# Closed corners on picture frames



## Woodworking Mama (Sep 3, 2013)

I'm making some custom picture frames for an artist to use for his oil paintings in his gallery. I'm trying to perfect my corners. He wants closed corners, which basically means he doesn't want to see my seams in the corners. I have really nice, tight joints, but up to this point, I have worked mainly with unpainted walnut, so this wasn't an issue. 

I have the finish down, which is a nice, super smooth satin black. I'm just looking for tips on completely hiding the seams. I used a wood filler, but it was too grainy and ended up just getting all sanded off.

Do I need another brand of filler? Or is there another way that this can be achieved? 

Thanks in advance...this is a first post for me


----------



## jharris2 (Jul 9, 2012)

Try this and see if it works for you.

It sets very quickly and I've found it to be very useful.

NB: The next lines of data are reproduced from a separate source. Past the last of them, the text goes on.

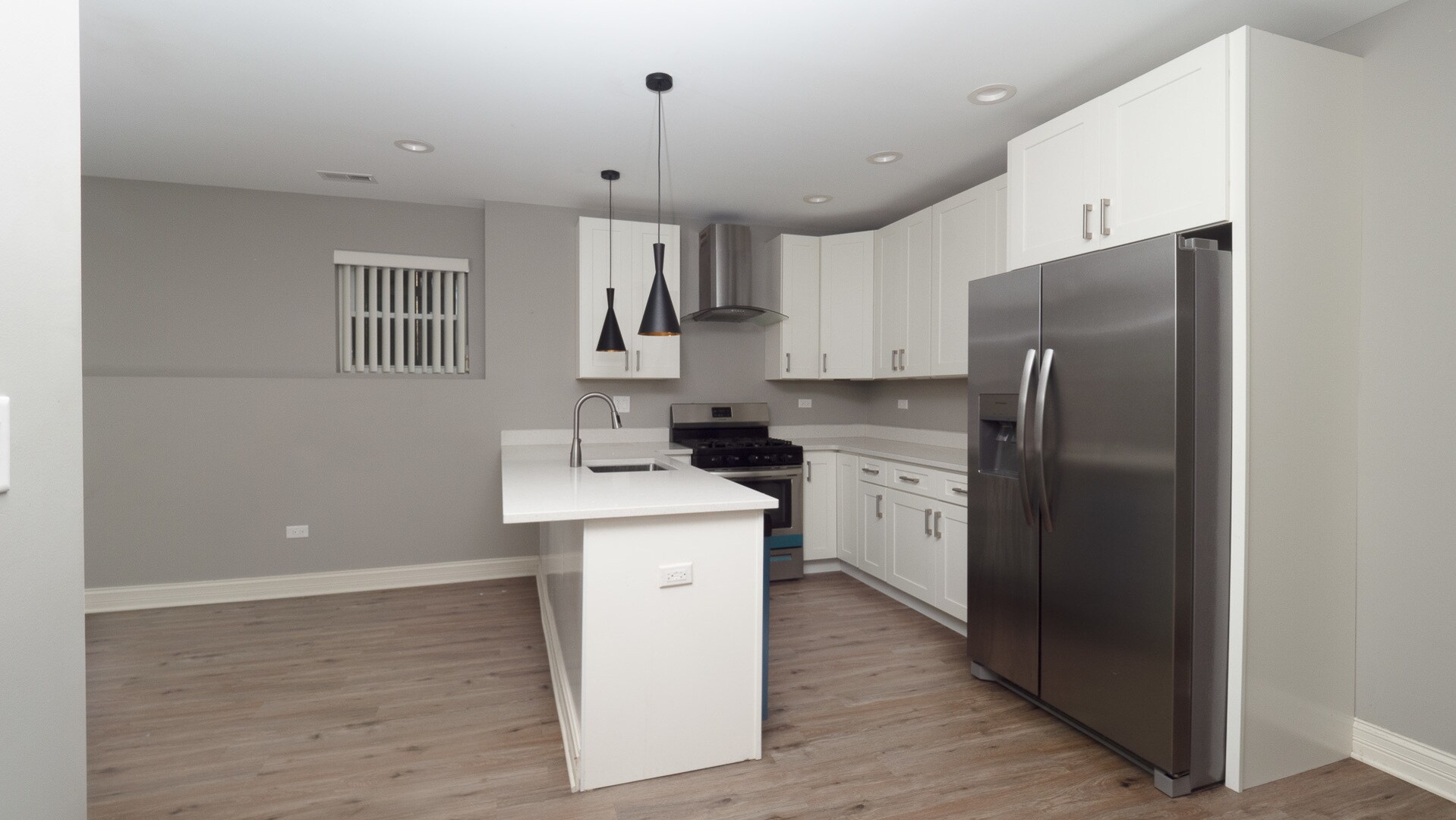 Building Photo - 4735 S Michigan Ave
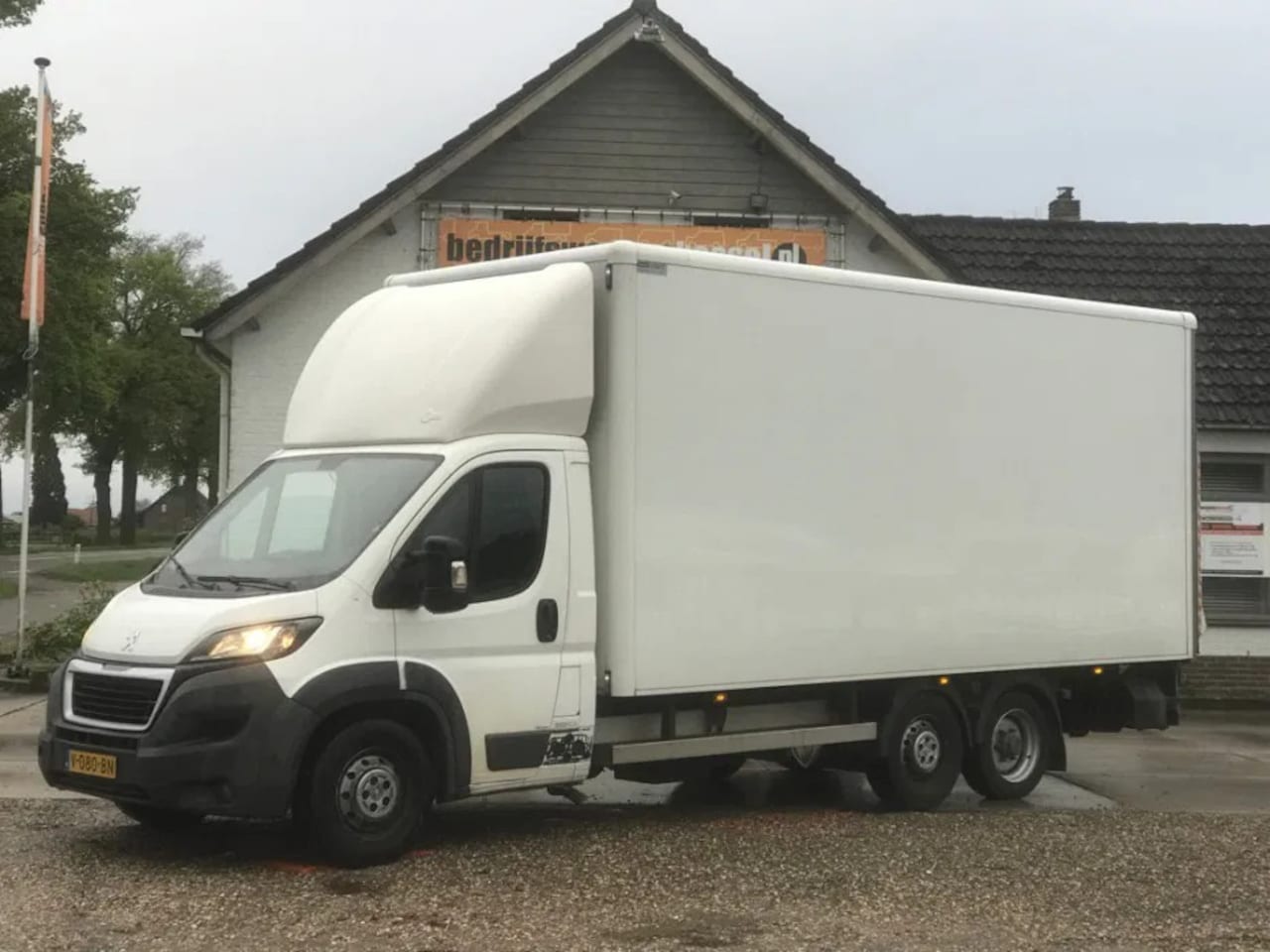 Peugeot Boxer - 435 2.0 BlueHDI Euro 6 Clixtar Bakwagen Laadklep - AutoWereld.nl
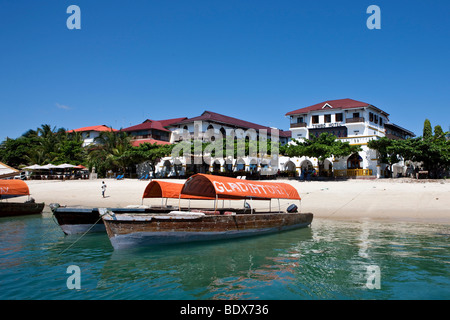 Tembo Hotel sul porto di Stonetown, Zanzibar, Tanzania Africa Foto Stock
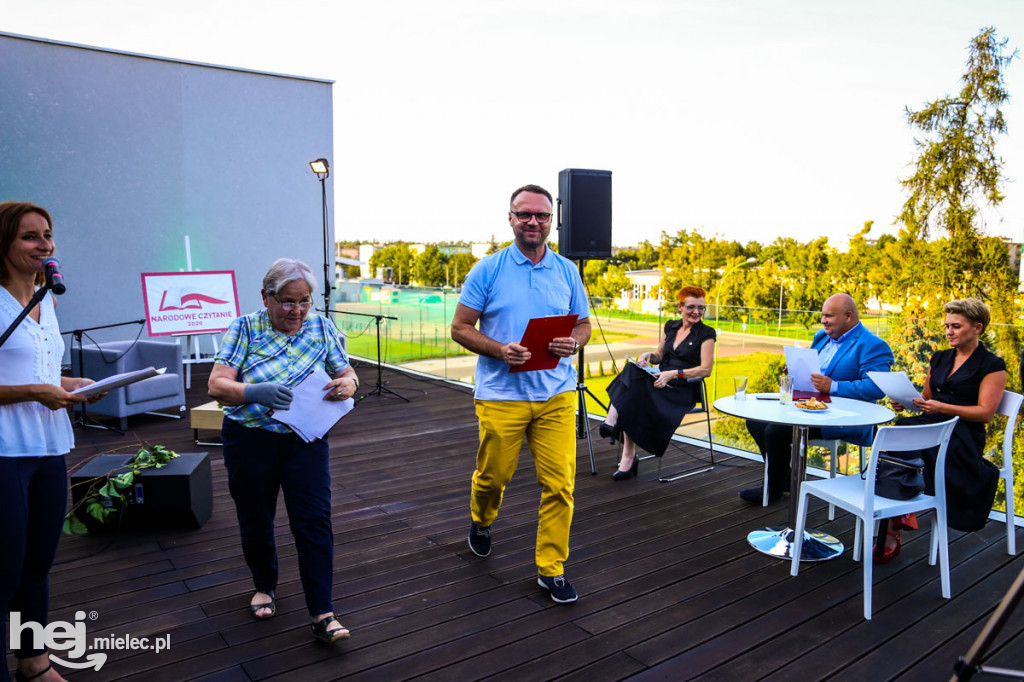 Narodowe Czytanie 2020 na tarasie Biblioteki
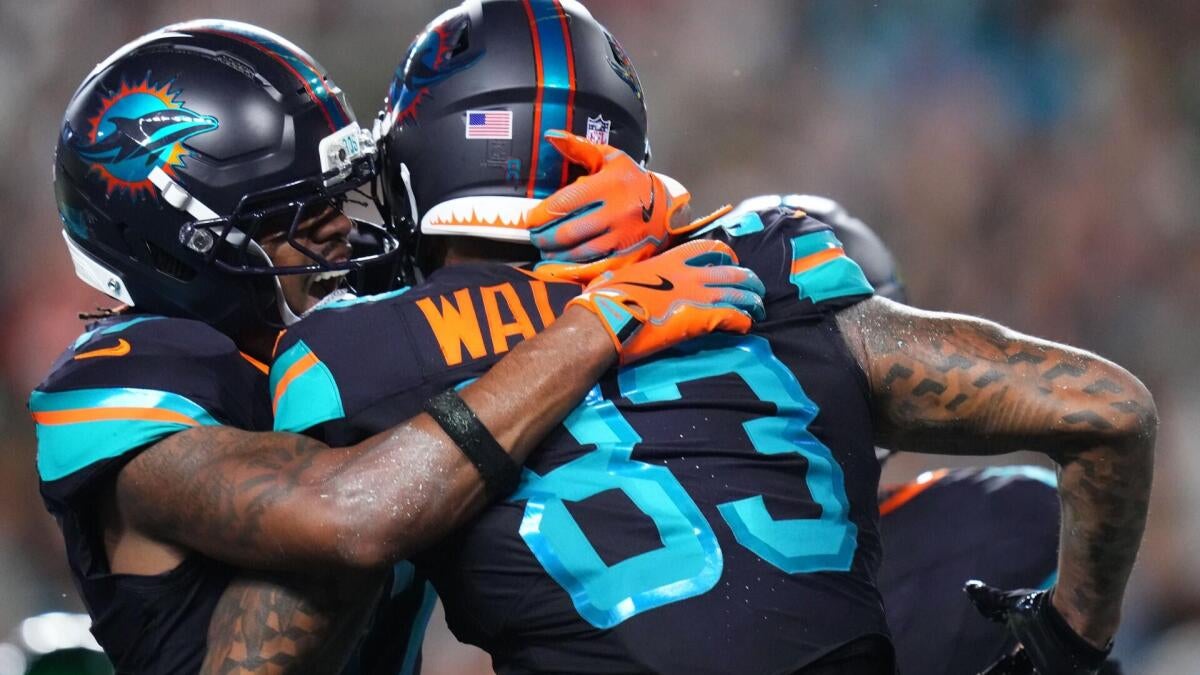 Dolphins vs. Jets: Darren Waller comes out of retirement to catch 2 TD passes 631 days after his last NFL game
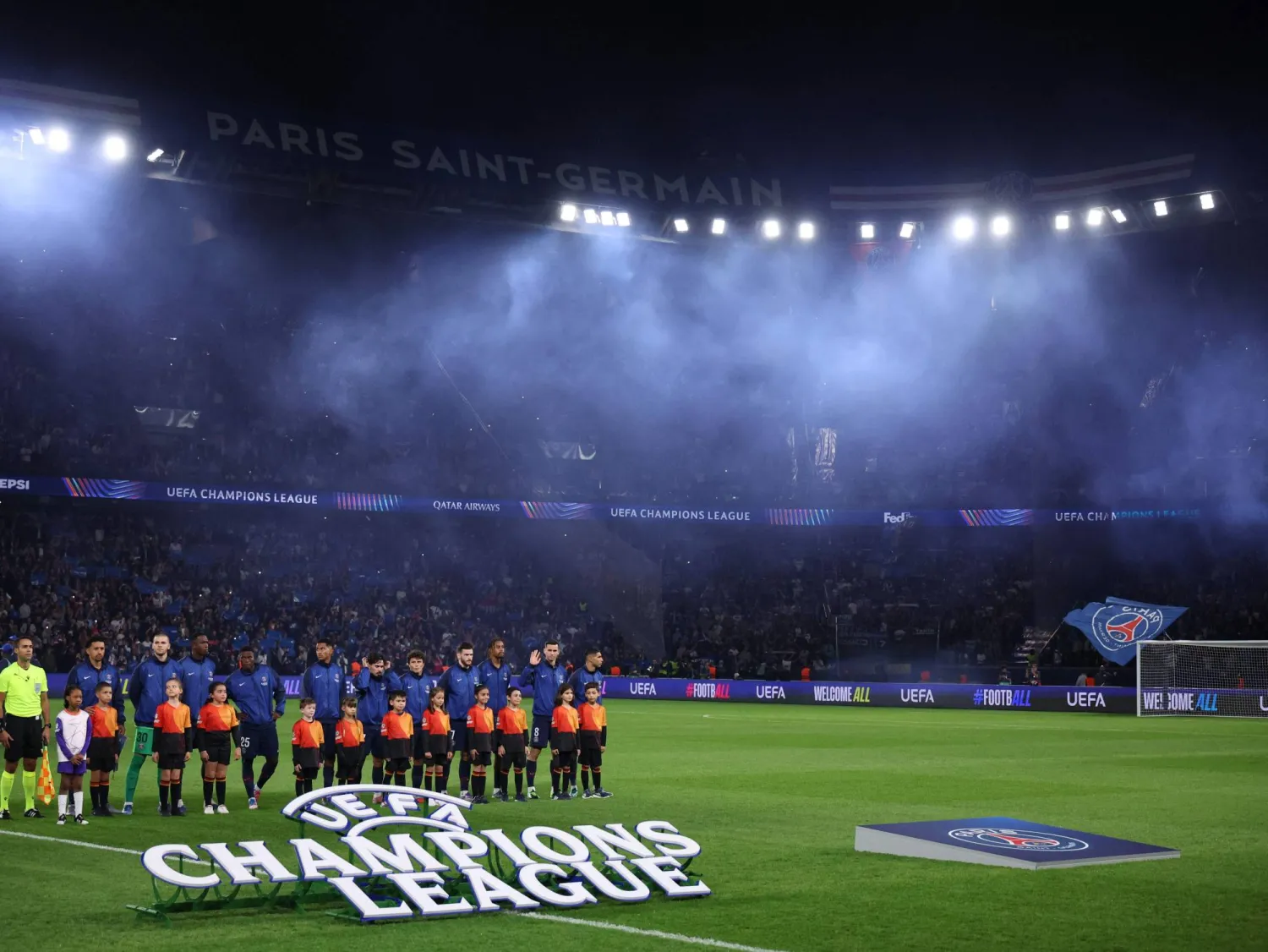 برونو جينيزيو آخر مدرب فرنسي أدار مباراة في دوري الأبطال (أ.ف.ب)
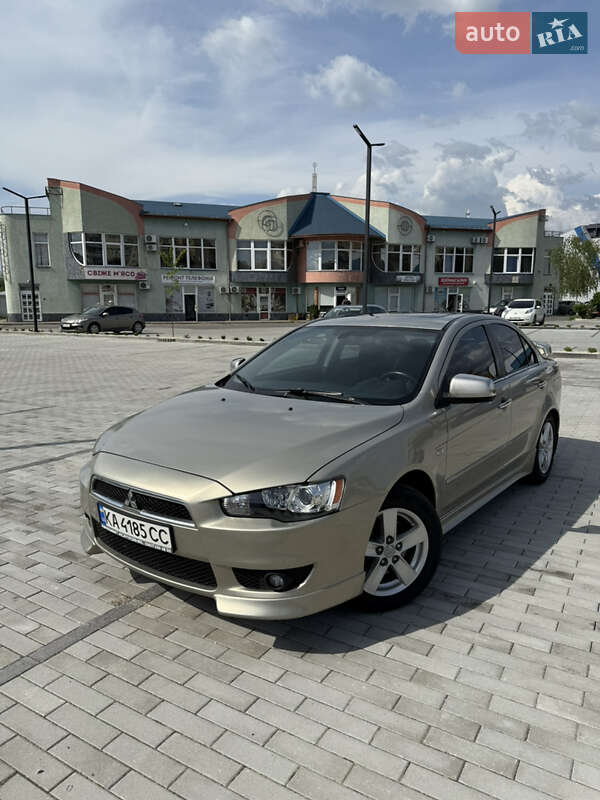 Седан Mitsubishi Lancer 2008 в Ужгороді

PS, from your description of the finish I'm assuming that these frames will be painted.


----------



## Woodworking Mama (Sep 3, 2013)

Yes...sorry. These will be painted. I am doing several layers of paint with wet sanding between the layers to get a nice, smooth finish.


----------



## Woodworking Mama (Sep 3, 2013)

jharris2 said:


> Try this and see if it works for you.
> 
> It sets very quickly and I've found it to be very useful.
> 
> PS, from your description of the finish I'm assuming that these frames will be painted.


 I couldn't see what you said to try...


----------



## woodnthings (Jan 24, 2009)

*mitered corners I assume?*

If you have to sand off the glue in the joint leaving a barely visible glue joint, then that's as good as you can get from the construction part of the project.
If you seal the wood, either with primer or shellac or lacquer sealer, then sand then primer again and then several coats of finish sanded in between with 400 wet dry, that's as good as you will get in the finishing part of the project.

You can try a grain filler to fill the pores of the wood which will help hide the grain. You seem to be after a "metal" finish look with wood... possible, but it will take several coats of primer and finish top coat.

here are some products:
http://www.targetcoatings.com/products/sealers-primers-a-grain-fillers.html

here's the search link:
http://search.yahoo.com/search?ei=utf-8&fr=ytff1-tyc-inbox&p=wood%20grain%20filler%20primer&type=


----------



## Brian T. (Dec 19, 2012)

Trick: paint the cut surfaces of the corners with black felt marker. If they are reasonably good, the optical illusion nearly makes them go away. Make one corner as an expt.


----------



## Woodworking Mama (Sep 3, 2013)

Here is a shot of the corner. If I fill in with much more filler, then the corner is built up higher. I am so close, just have to try again. I got a different type of filler, one that is more finely textured. I'll try that on my next one. 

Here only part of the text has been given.